[Source data]
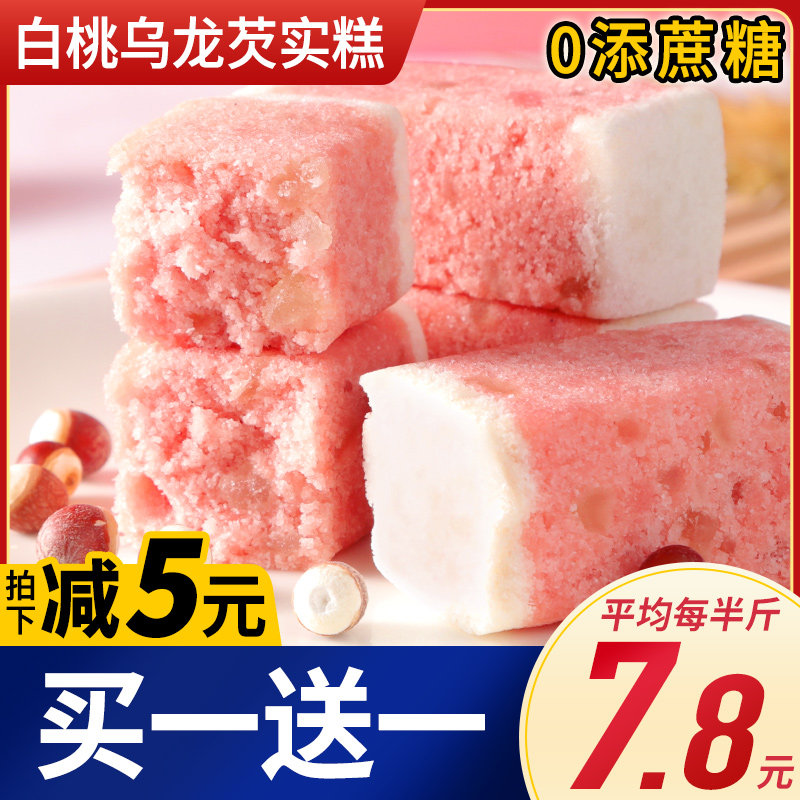 白桃乌龙芡实糕0蔗糖买1送1
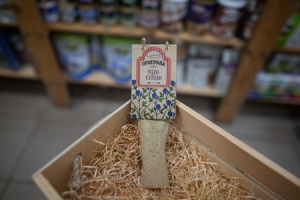 уцхо сунели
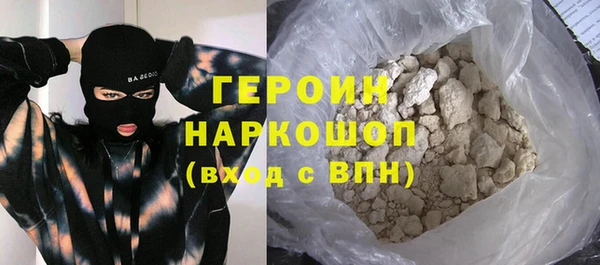 дистиллят марихуана Новый Уренгой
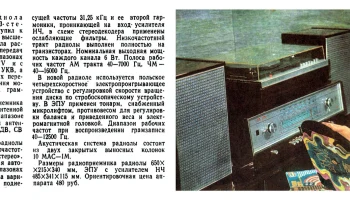 Вeгa-003-стерео (1974) 2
[/Source data]
Directions for this task
With pictures left out, print the lines of the material above from the line containing "уцхо сунели" through its last line, exactly and nothing more.

Reply to the exercise
 уцхо сунели
 дистиллят марихуана Новый Уренгой
 Вeгa-003-стерео (1974) 2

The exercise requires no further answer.